-- Extracted records --
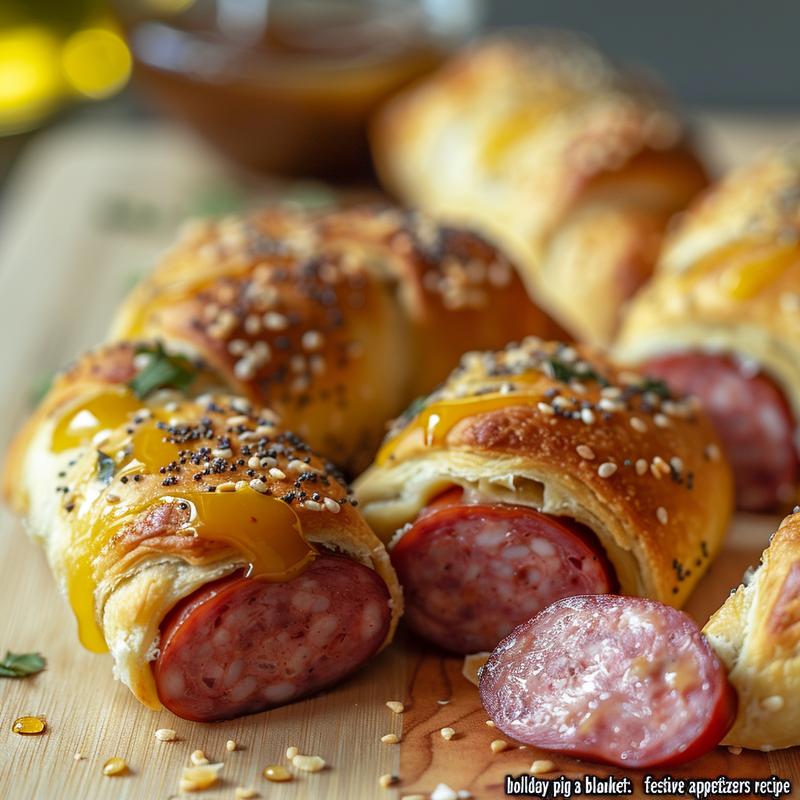 Close-up of holiday pigs in a blanket on a wood board.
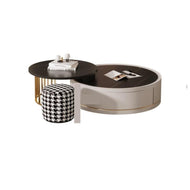 Round Wooden Coffee Table with Storage / Lixra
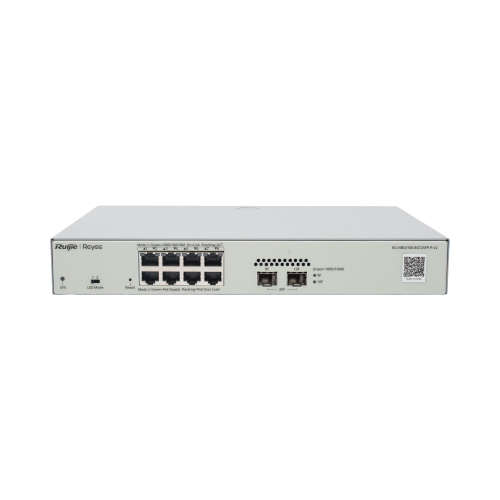 RUIJIE RG-NBS3100-8GT2SFP-P-V2 Switch Administrable PoE Capa 2 con 8 puertos Gigabit PoE 802.3af/at + 2 SFP para fibra 1Gb, gestión gratuita desde la nube, 125w
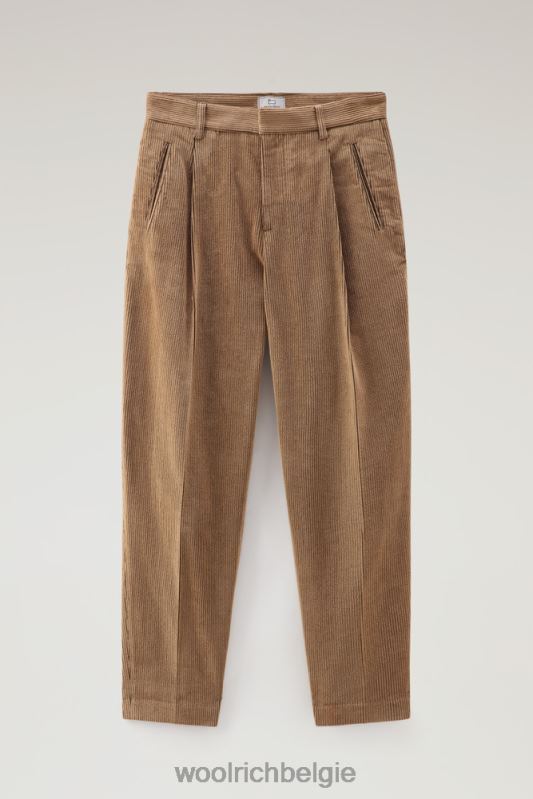 zachte corduroy geplooide broek Woolrich vrouwen 8TTN0256 goud kaki kleding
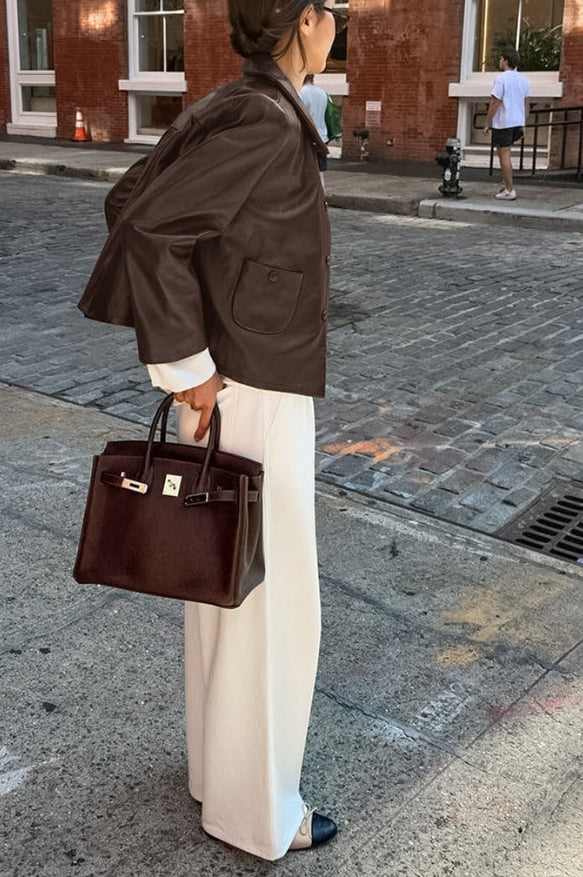 Classic Brown PU Crop Coat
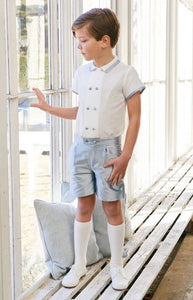 Boys Celebration Shorts in Blue silk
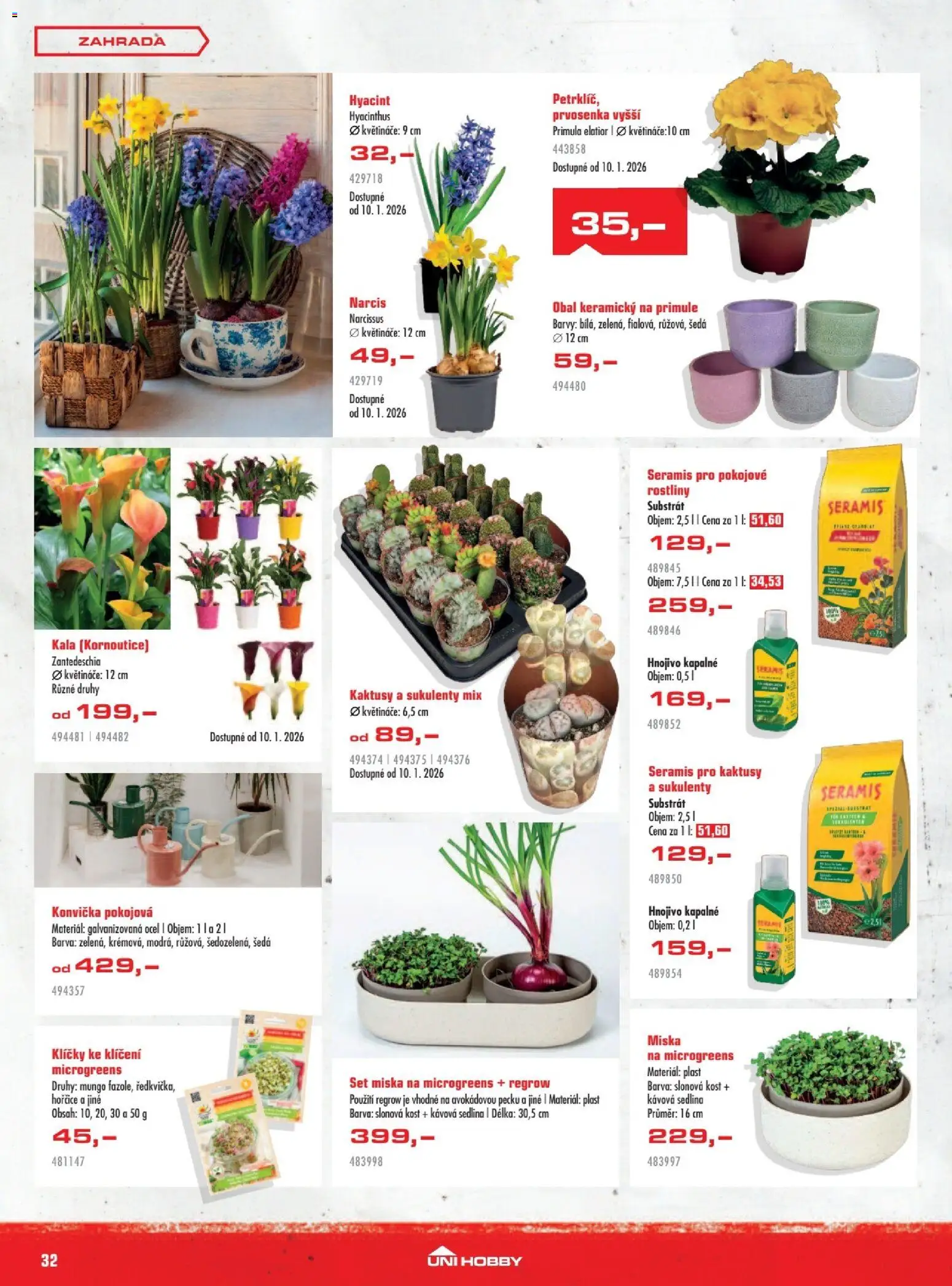 Uni Hobby leták od 08.01.2026 | Strana: 32 | Produkty: Květináče, Substrát, Rostliny, Pokojové rostliny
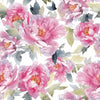 White Wallpaper with Pink Peonies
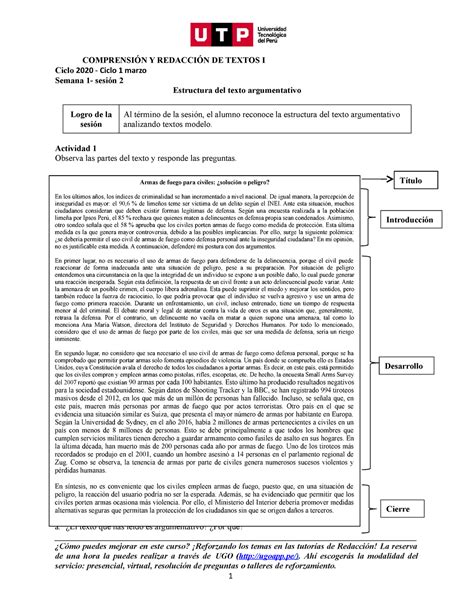 Estructura Del Texto Argumentativo 100000n01i Utp Studocu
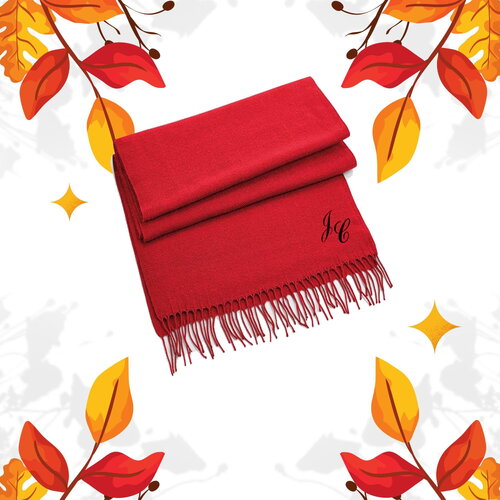 Foulard/écharpe à personnaliser couleur rouge cadeau fête des mères ou pères,témoin, anniversaire ou maîtresse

-- Goal of the exercise --
From the line containing "White Wallpaper with Pink Peonies" through the last line of the listing, inclusive, transcribe every line exactly and nothing else; the pictures stay out.

-- Task solution --
 White Wallpaper with Pink Peonies
 Estructura Del Texto Argumentativo 100000n01i Utp Studocu
 Foulard/écharpe à personnaliser couleur rouge cadeau fête des mères ou pères,témoin, anniversaire ou maîtresse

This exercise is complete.